In the long term, businesses go bust through lack of profit, but short term, they often fail because they don’t have enough cash to pay their bills. With more firms going under due to cash flow problems than any other reason, the saying really does ring true that cash is king.
The key to a healthy cash flow lies in the word itself: ‘flow’. It’s a cycle; a careful balance of funds in and funds out. The principles of good cash flow management are straightforward: you must ensure you have more money coming in than going out and that money comes in on time so you can pay suppliers and invest in new stock.
With the average small business in the UK owed nearly £12,000 in outstanding invoices, maintaining a healthy cash flow can be a challenge. Nearly two thirds of firms (60%) are waiting 60 days or more to receive payment, and spending an average of almost 350 hours every year chasing late payments.
Understand who, where and when
Understanding your customers is the first step to knowing where company funds are coming and going. It’s vital to know your customers’ liability by understanding what type of organisation they are and the legitimacy of the business.
Learn what funds are coming in and out of the business each month and when payments are due. This will help to combat late payments occurring in the first place, and enable you to best plan when to pay your suppliers.
Have a contingency plan
If everything does crash around you, you must ensure that your clients’ and suppliers’ finances are taken care of.
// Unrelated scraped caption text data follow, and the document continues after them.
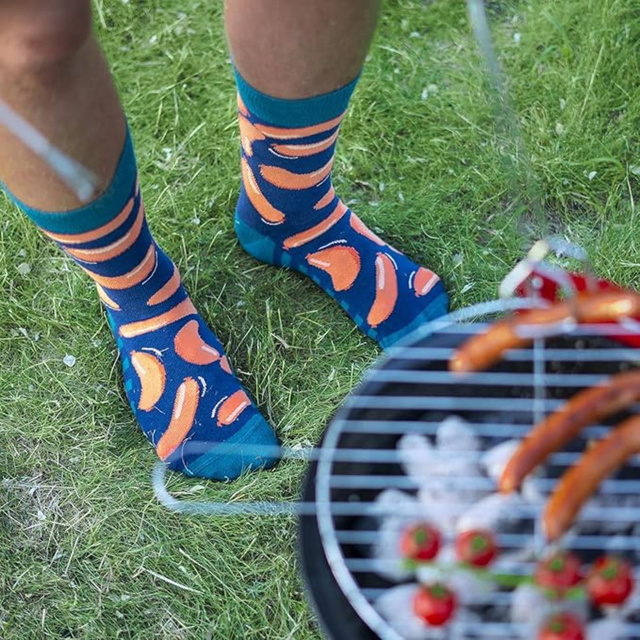 Farebné pánske ponožky SOXO GOOD STUFF Klobásky v tégliku veselé bavlnené 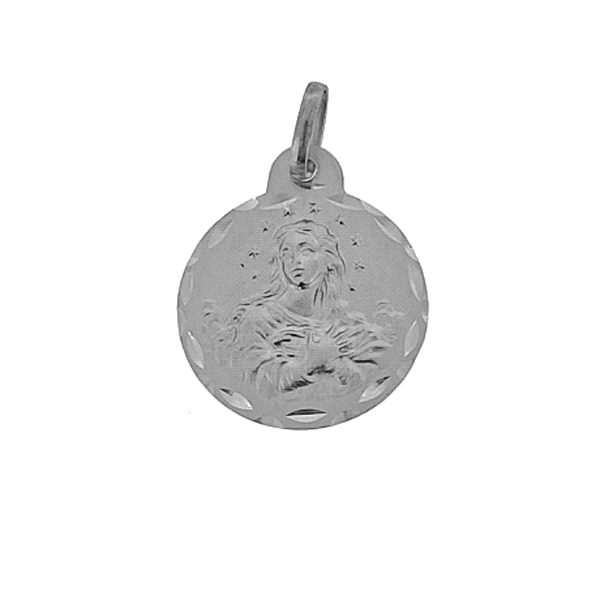 COLGANTE MEDALLA VIRGEN INMACULADA  PLAT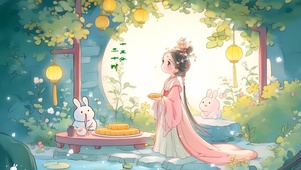 可爱小嫦娥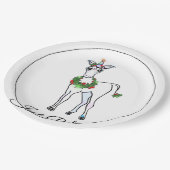 クリスマス・ユニコーン信じだ ペーパープレート (アングル)
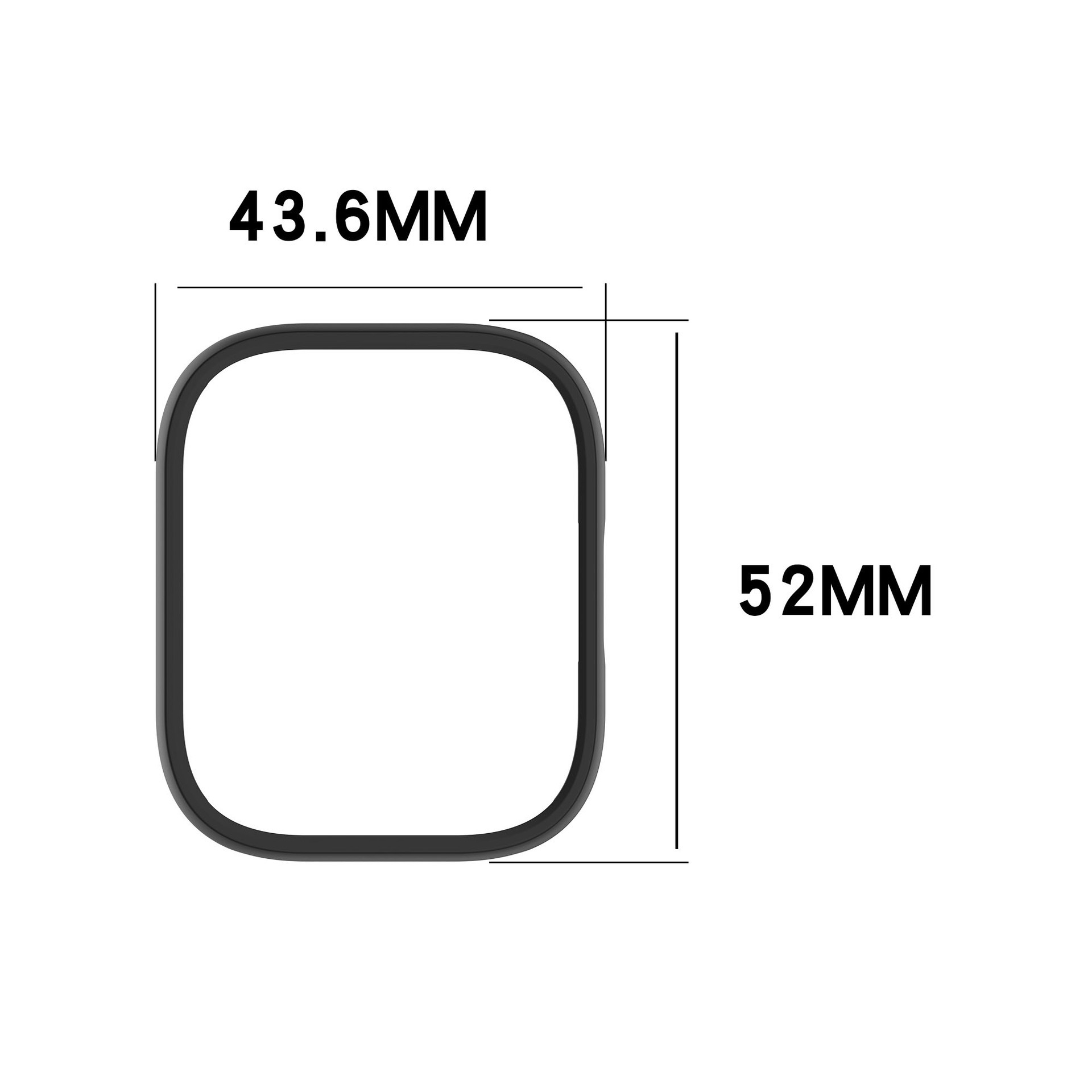 Suitable for Redmi Watch5 Active half-pack protective case and Redmi watch5 Lite hollow PC protective case undefined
However, it’s necessary to have credit insurance in place in case a customer does not pay. Insurance companies and brokers offer tailored credit insurance to help protect against non-payment by customers.
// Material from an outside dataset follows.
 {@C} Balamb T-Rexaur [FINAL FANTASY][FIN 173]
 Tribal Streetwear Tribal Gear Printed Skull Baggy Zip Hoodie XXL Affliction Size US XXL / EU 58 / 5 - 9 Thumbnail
Business owners must ask themselves if their customers are at risk of failure, and have considered the business impact of late payment by major customers.
Know your payments
The average small business is currently owed up to £12,000 in outstanding invoices. This shocking figure demonstrates the importance of knowing your payment schedule. Formally agreeing terms in advance with partnering companies is vital.
Small tips, such as making the payment due date clear on invoices, and having a written and signed confirmation of the agreed payment terms, can ensure all parties are aware of the payment schedule.
With businesses spending almost 350 hours a year chasing late payments, you should implement a process to make this a simpler task. Use the tools at your disposal – with Sage 50, you have all the help you need.
Credit Hound Express, exclusively for Sage customers, aims to save businesses up to ten hours a week in back office administration. By making it easier to keep track of invoices and reducing time required for resolution and payment, Credit Hound Express will help to improve customer relationships.
Treat suppliers fairly
Good business practice begins with fair treatment of your suppliers. Late payment could result in damage to their business, whereas paying them by the due date leads to a good supplier relationship: crucial to business success.
Having an ethical business strategy also puts you in a better position to negotiate prices and terms in the future. The moral of the story? Treat others as you would like to be treated!